Scientists May Have Found Medici Murder
Wednesday, January 3, 2007; 7:24 PM
ROME -- Italian scientists believe they have uncovered a 400-year-old murder. Historians have long suspected that Francesco de' Medici, Grand Duke of Tuscany, and his second wife Bianca Cappello did not die of malaria but were poisoned _ probably by Francesco's brother, Cardinal Ferdinando de' Medici, who was vying for the title.
Now, forensic and toxicology experts at the University of Florence report evidence of arsenic poisoning in a new study published in the British Medical Journal.
As rulers, art connoisseurs and financiers of kings, the Medici family flourished for centuries in the rough and tumble alliances of old Europe, providing four popes and ruling first Florence then Tuscany from about 1430 to 1737.

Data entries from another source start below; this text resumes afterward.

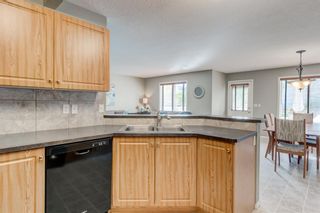 Photo 10: 69 Cougarstone Villas SW in Calgary: Cougar Ridge Detached for sale : MLS®# A1039696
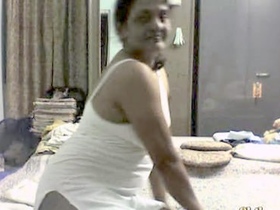 Indian mature woman engages in sexual activity with her husband's friend in a recorded video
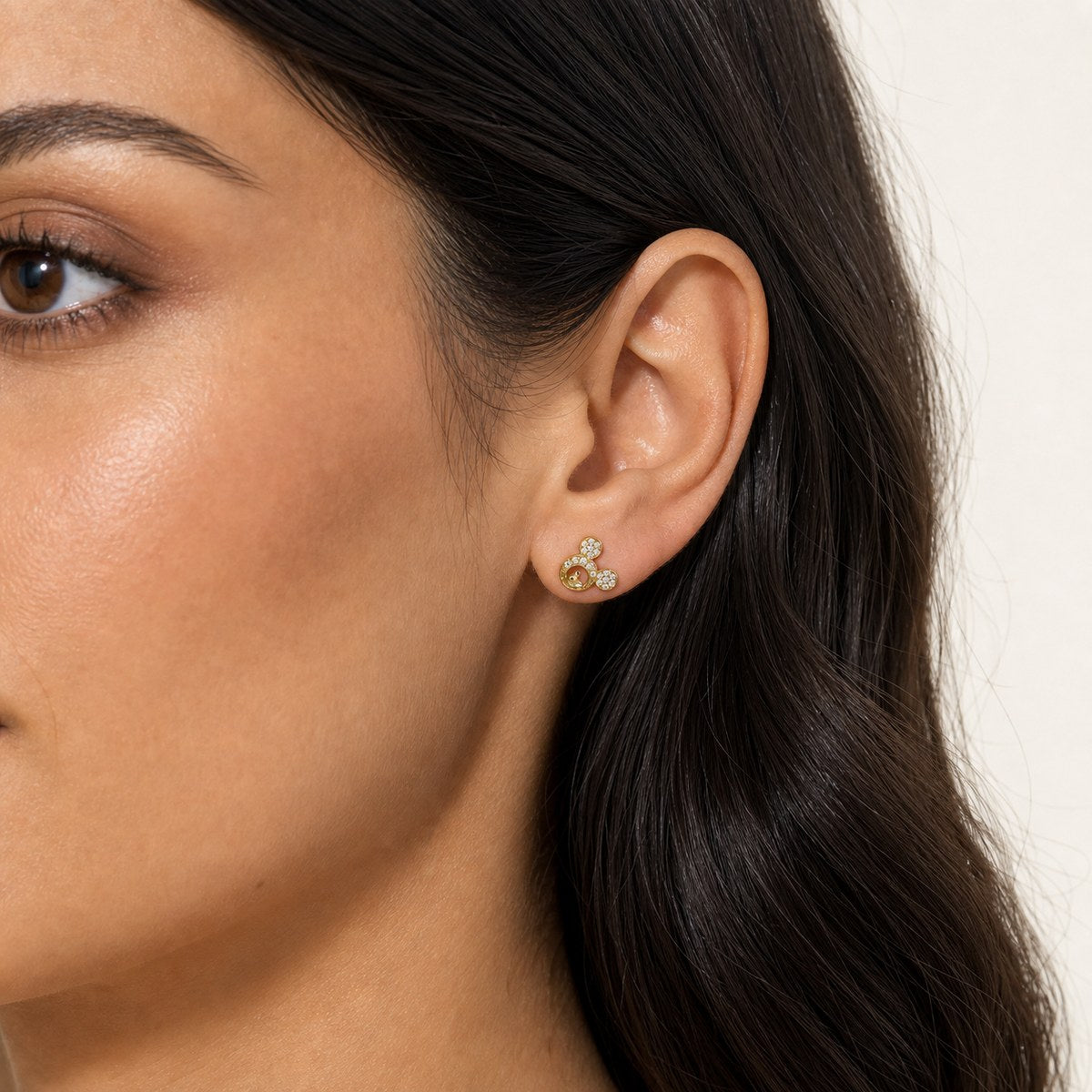 14K solid gold crystal bear paw stud earrings worn on an ear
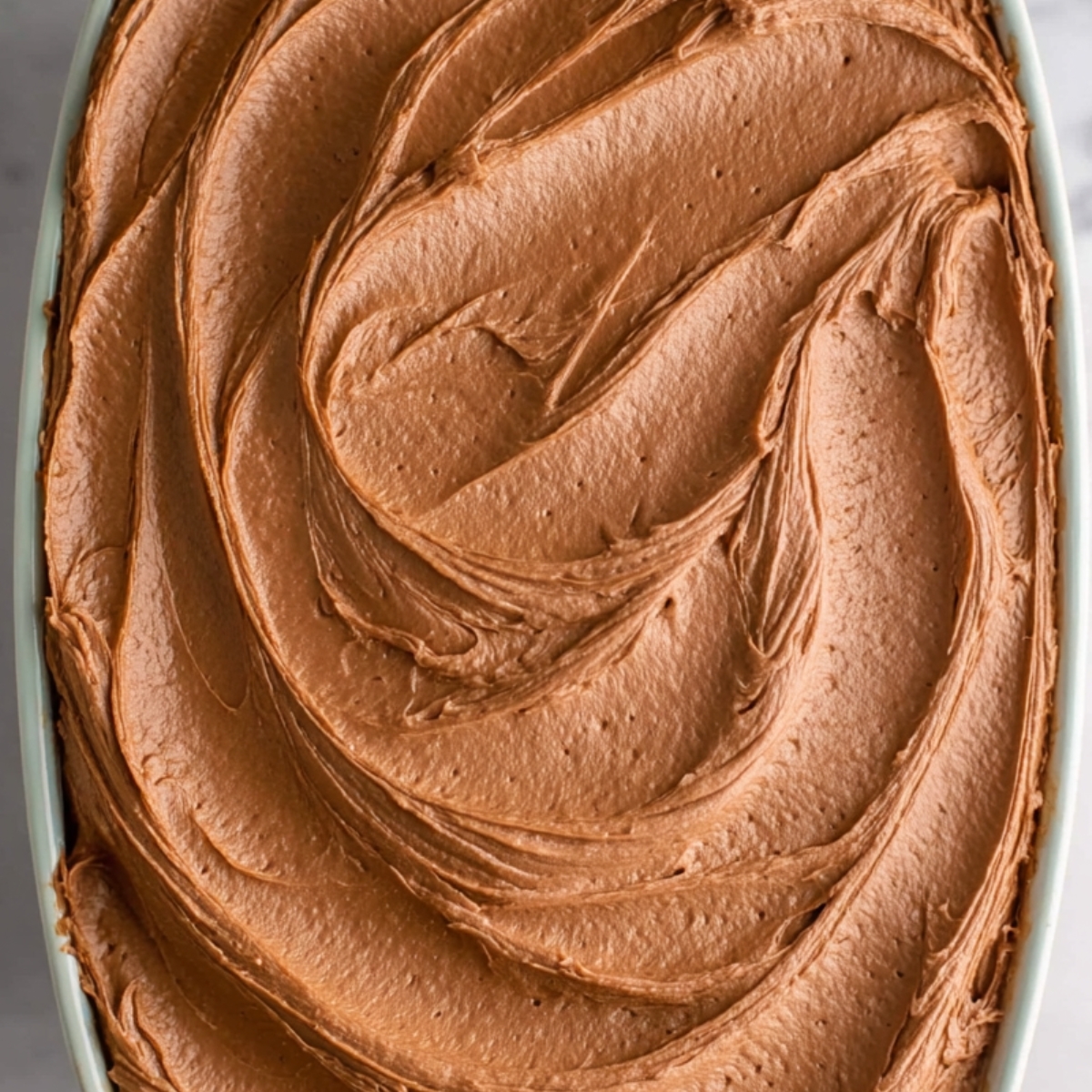 chocolate buttercream frosting, creamy frosting, homemade chocolate frosting, chocolate frosting recipe, frosting for cake, smooth frosting, easy frosting ideas, homemade cake frosting, chocolate cake decoration, cake frosting tutorial, rich chocolate buttercream, smooth chocolate topping.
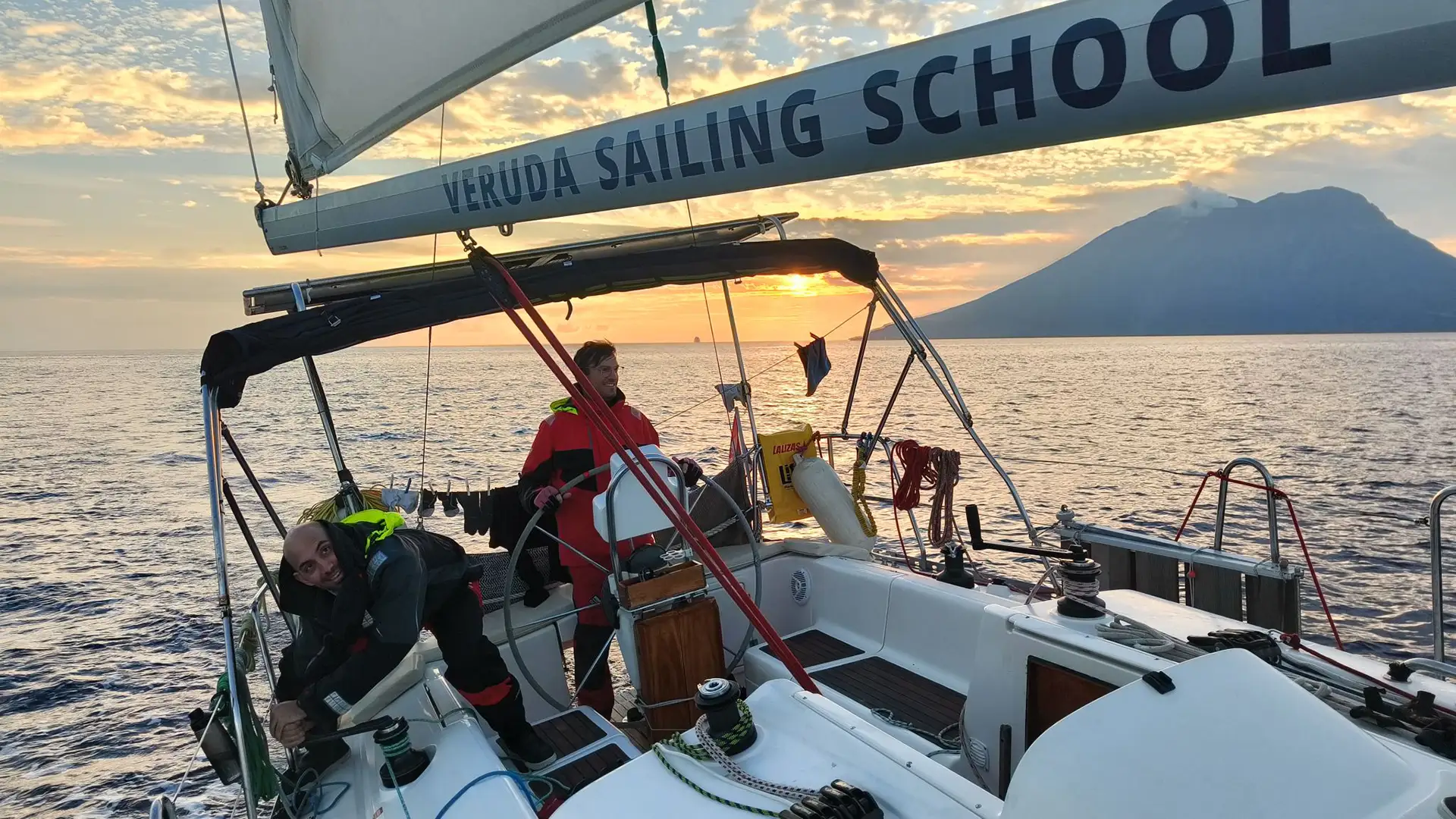 A racing crew on a offshore sailboat. Behid the boat, the large volcanic cone of Stromboli volcano is visible, spewing clouds of steam.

Its most famous members include Lorenzo de' Medici, or Lorenzo the Magnificent, who supported Michelangelo, Leonardo da Vinci and Sandro Botticelli. At least two Medici women _ Catherine and Maria, who was Francesco's daughter _ married kings of France, and the Medicis' former home, Pitti Palace, now houses an important art gallery.
Among nobles, deaths by poisoning were common, and deadly concoctions of the day had such deceptively pretty names as "Secreta Secretissima," and "La Cantrella."
"When a Medici dies, the first assumption is arsenic," said Richard J. Hamilton, a medical toxicologist at Drexel University who was not involved in the study.
Francesco de' Medici ruled from 1574 until his death at age 46 on Oct. 17, 1587, 11 days after he fell ill and a few hours before his wife, who by all accounts had been his mistress while he was married to his first wife _ who is also believed to have died of poisoning.
"Immediately after their deaths, rumors began to circulate that they had been poisoned," Donatella Lippi, a professor of history of medicine and a co-author of the study, told The Associated Press. It "was a lethal dose, but progressive, and the symptoms were compatible with arsenic poisoning."
From the outset, Ferdinando de' Medici's behavior was suspicious and fueled rumors, the study says. Among other things, he took charge of his brother's illness, compiling medical bulletins and minimizing the gravity of his brother's condition in dispatches to the Vatican.
After the deaths, he ordered immediate autopsies _ an unusual step, apparently taken to protect himself from future accusations.
More importantly, the symptoms reported by doctors treating Francesco _ nausea, violent vomiting, cold sweats, gastric burning _ were typical of arsenic poisoning and not of malaria, the study says.
"There was always a suspicion (of murder), but there wasn't scientific proof," said Marcello Fantoni, who teaches Renaissance history at Kent State University.